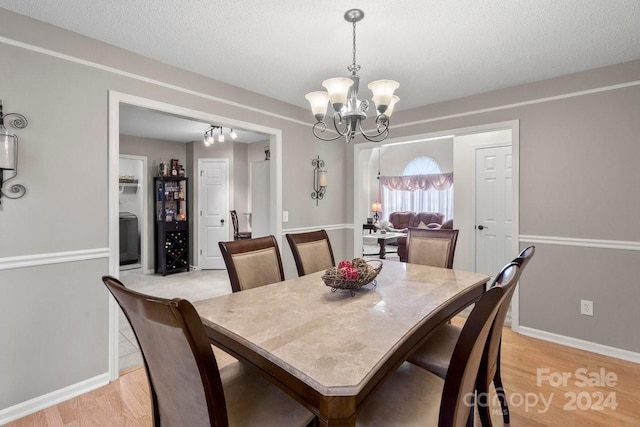 dining space featuring a textured ceiling, light hardwood / wood-style flooring, and an inviting chandelier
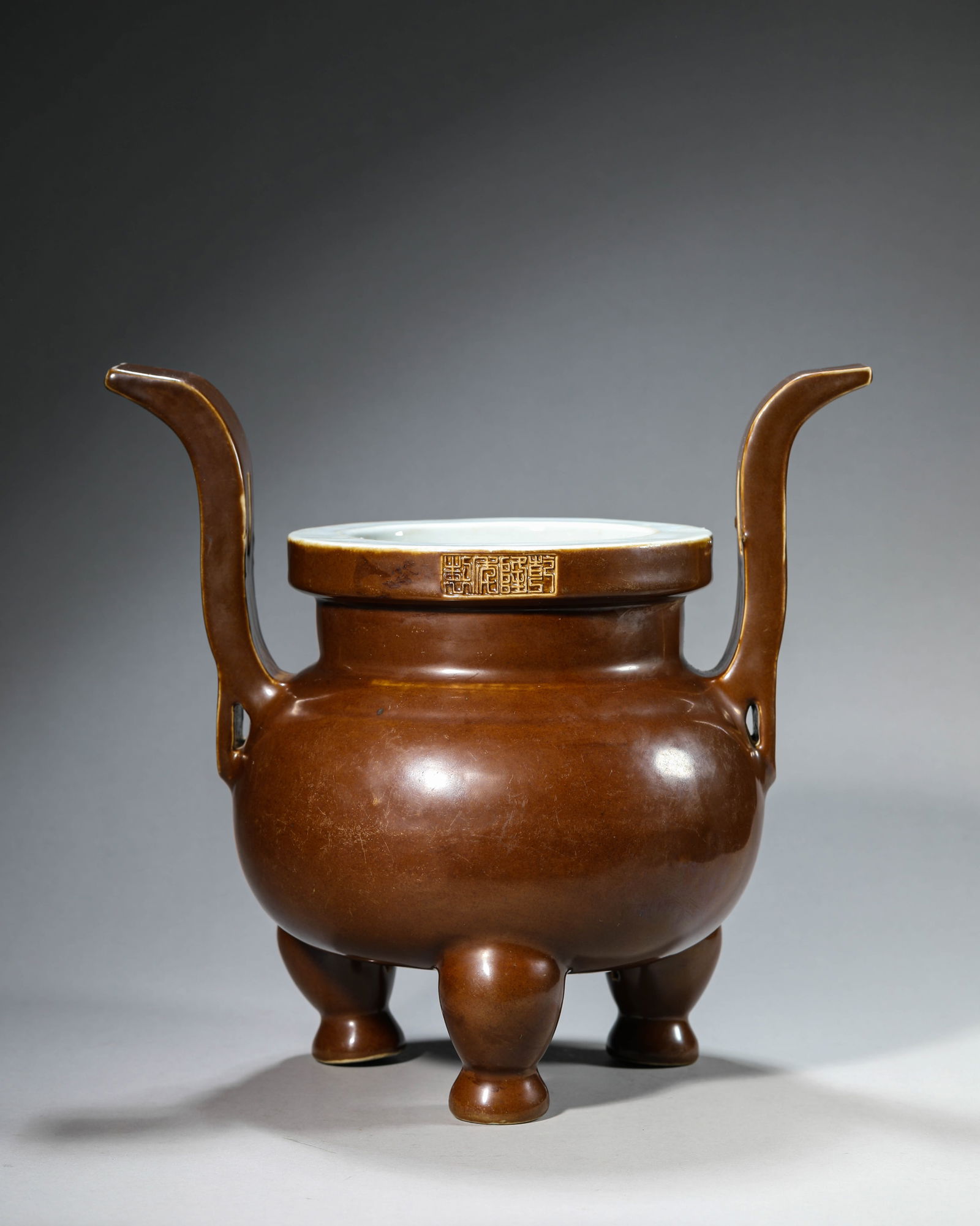 A Soy-Brown-Glazed ‘Court Hat Handles’ Censer: A Soy-Brown-Glazed ‘Court Hat Handles’ Censer (30.5 x 20 x 29 cm)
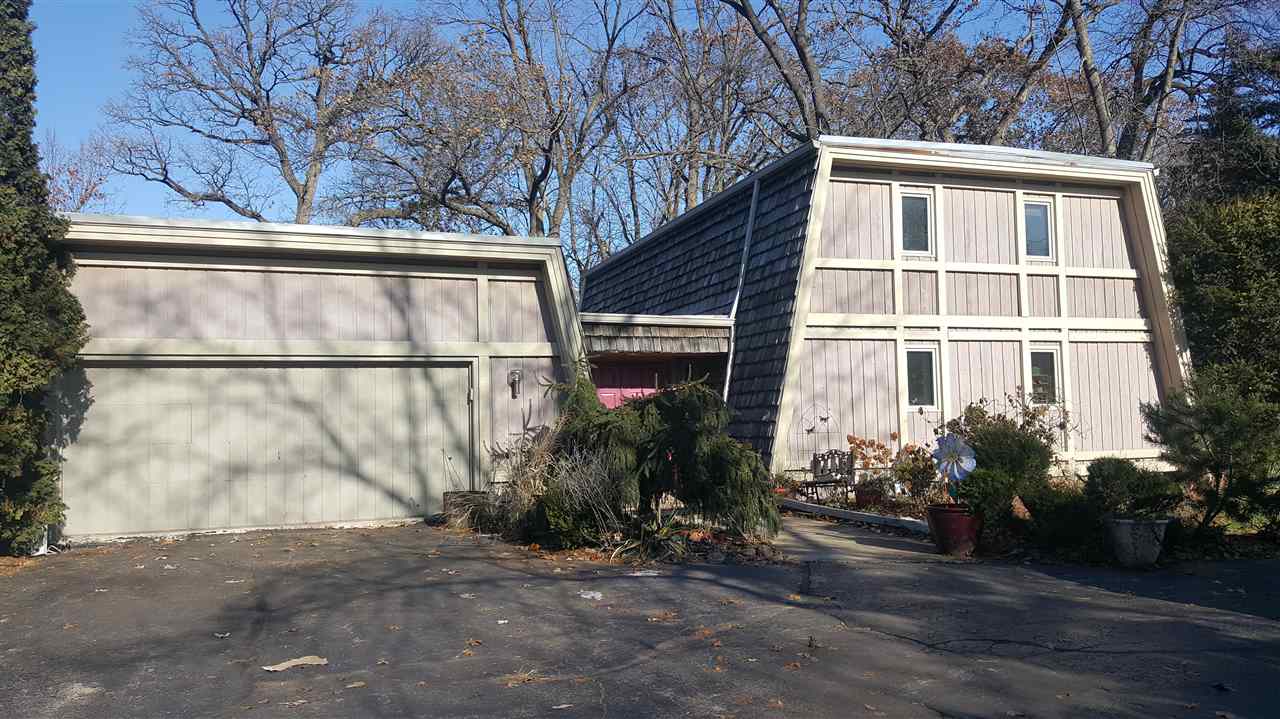 4802 Spring Creek Road Rockford, IL 61114 - Photo 1 of 25 a view of a house with a yard and potted plants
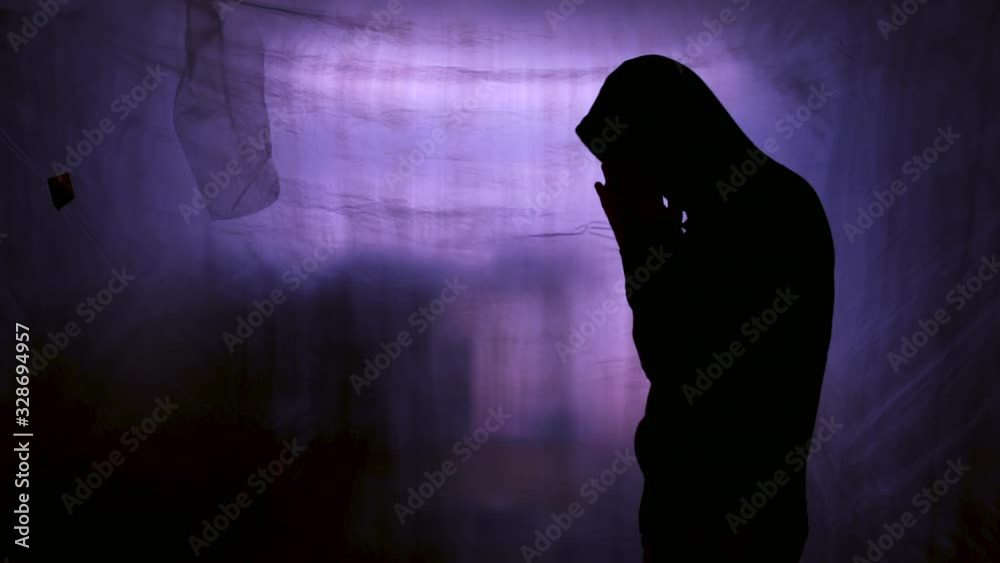 Hopelessness and despair, silhouette of hooded male figure
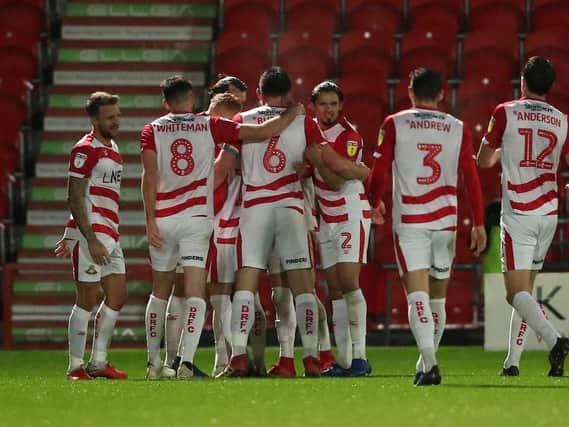 Doncaster earned their first ever win against Blackpool at the Keepmoat Stadium last night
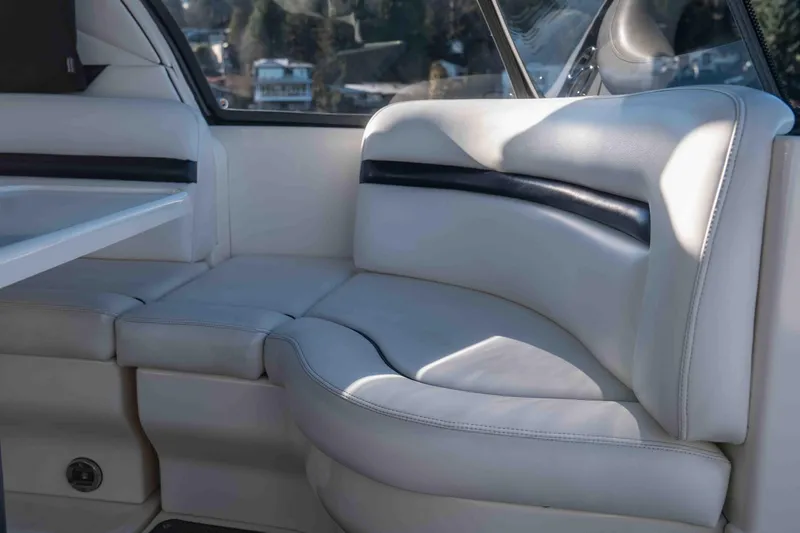  Yacht Photos Pics 2008 Sea Ray 38 Sundancer interior with white leather seating and table.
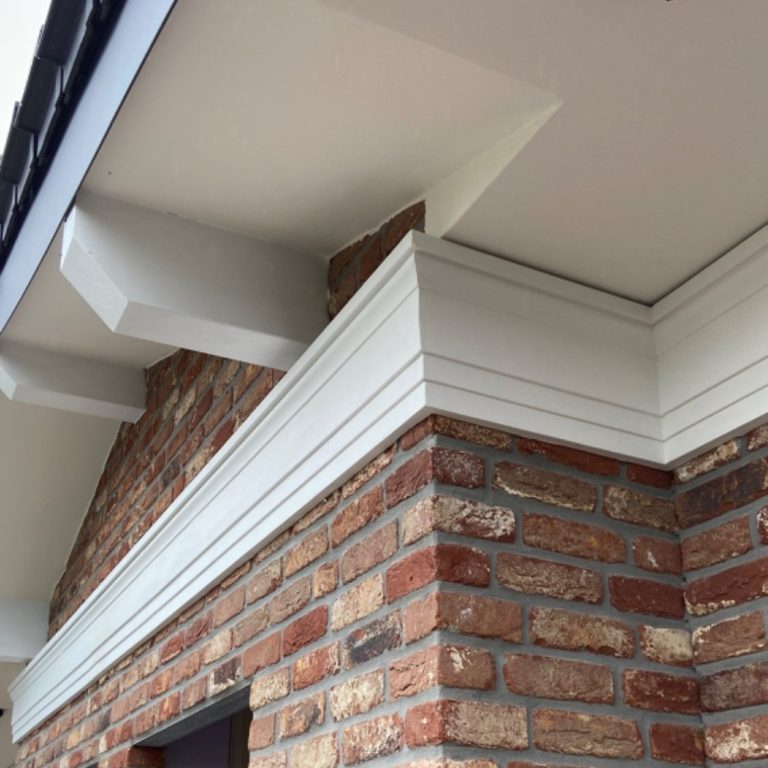 Stuck Fassade Eckdetail einer Fassade mit Ziegelsteinen und dekorativer Stuck-Verkleidung.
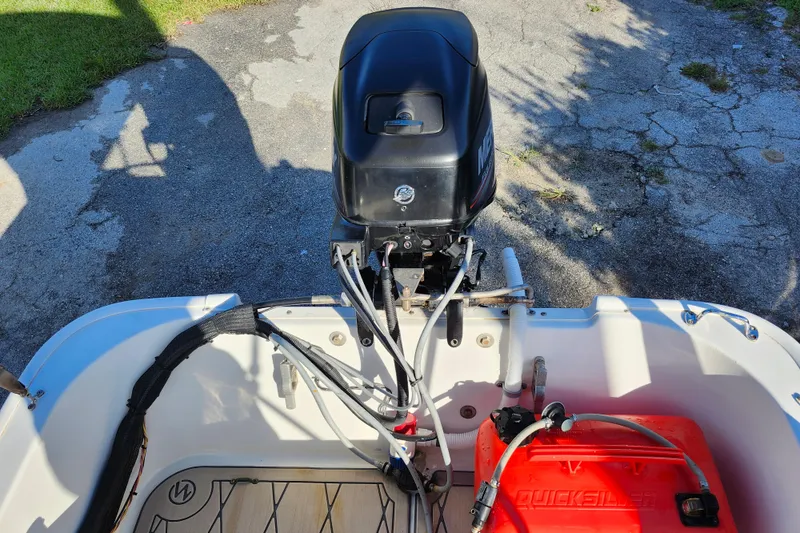 Slide: The Image of 2020 Boston Whaler 110 Sport boat engine and fuel tank setup. - 13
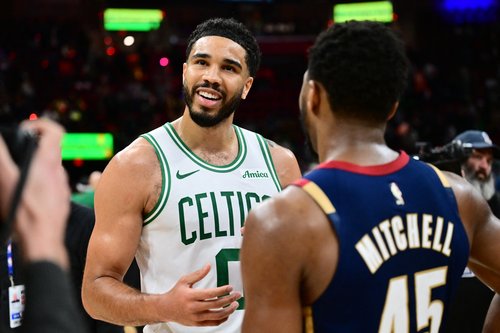 Mar 8, 2026; Cleveland, Ohio, USA; Cleveland Cavaliers guard Donovan Mitchell (45) talks to Boston Celtics forward Jayson Tatum (0) after the game at Rocket Arena. Mandatory Credit: Ken Blaze-Imagn Images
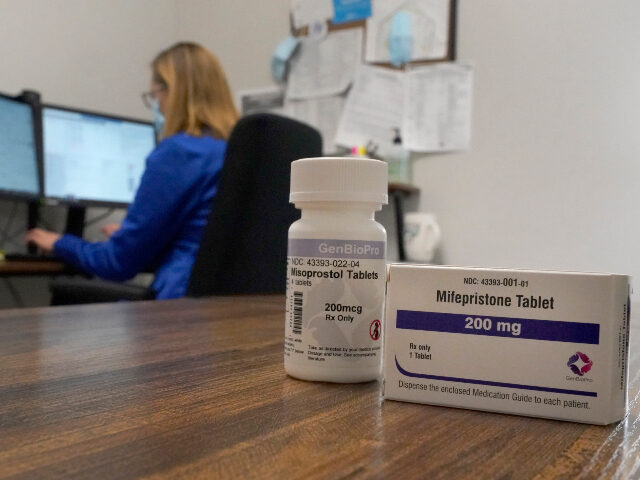 abortion pills via tele-health A Nurse Practitioner works in an office at a Planned Parenthood clinic where she confers v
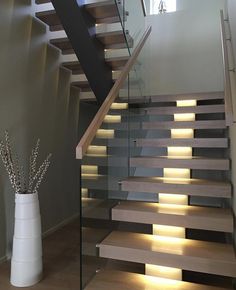 a stair case with lights on the side and some flowers in a vase next to it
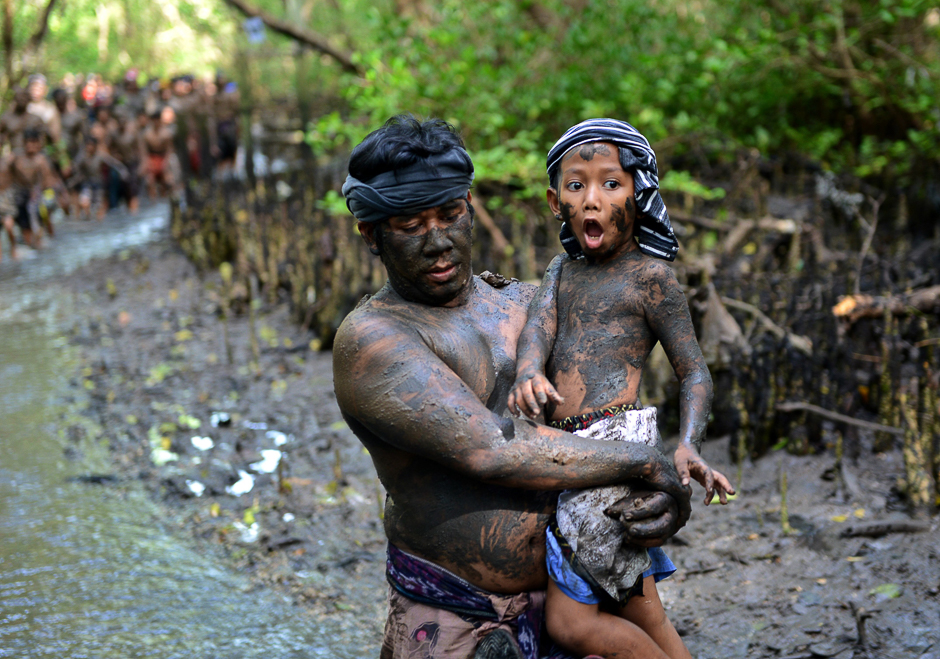 Balinese man holds his son after putting mud on their body during a mud bath tradition known as Mebuug-buugan, in Kedonganan village, near Denpasar on Indonesia's resort island of Bali. PHOTO: AFP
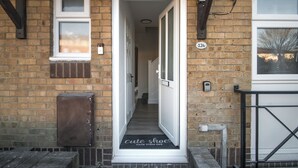 Un pasillo estrecho con una puerta que da a una habitación, un buzón y una placa con un número en la pared.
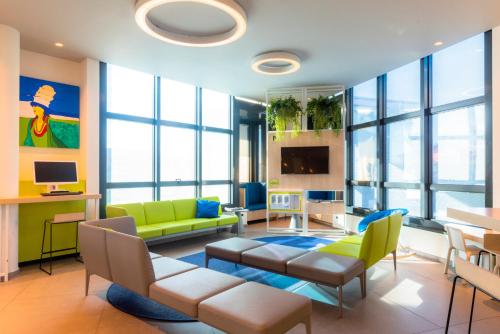 巴格那提卡贝加莫机场酒店的客厅设有黄色和绿色家具和窗户。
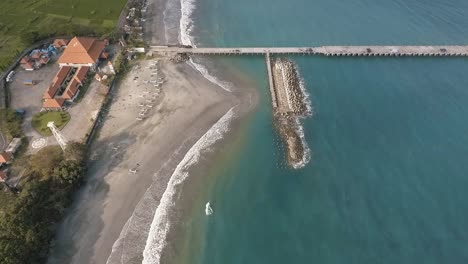 tanah-ampo-pier-reveal-blue-water-beach-from-above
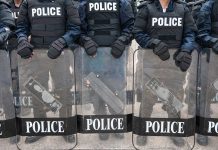 Police officers in riot gear holding shields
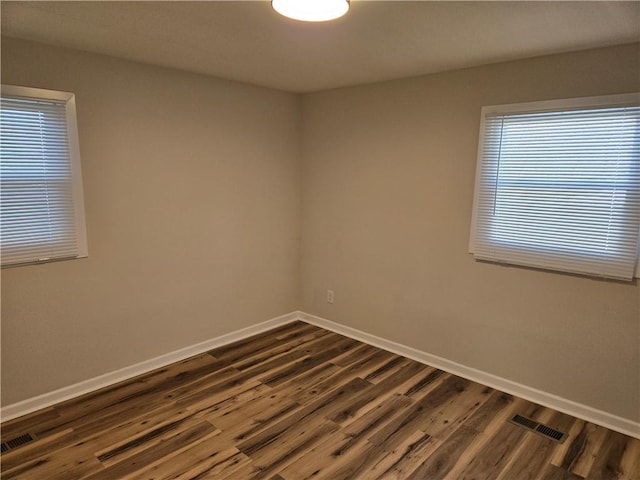 spare room featuring visible vents, dark wood finished floors, and baseboards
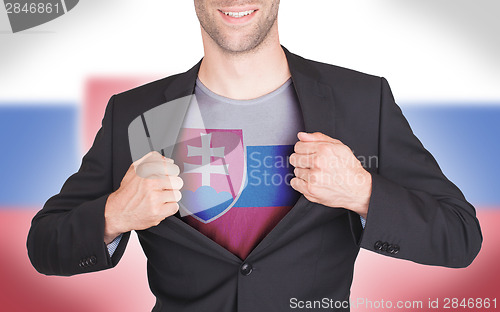 Image of Businessman opening suit to reveal shirt with flag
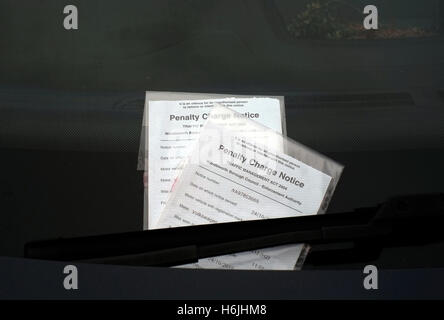Two parking tickets are attached to the windscreen of a car in London, Britain October 30, 2016. © John Voos Stock Photo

**About this exercise:**
Everything from the first line of the entries above through the line with "A Soy-Brown-Glazed ‘Court Hat Handles’ Censer: A" should be duplicated exactly, except the pictures.

**The completed task:**
 dining space featuring a textured ceiling, light hardwood / wood-style flooring, and an inviting chandelier
 A Soy-Brown-Glazed ‘Court Hat Handles’ Censer: A Soy-Brown-Glazed ‘Court Hat Handles’ Censer (30.5 x 20 x 29 cm)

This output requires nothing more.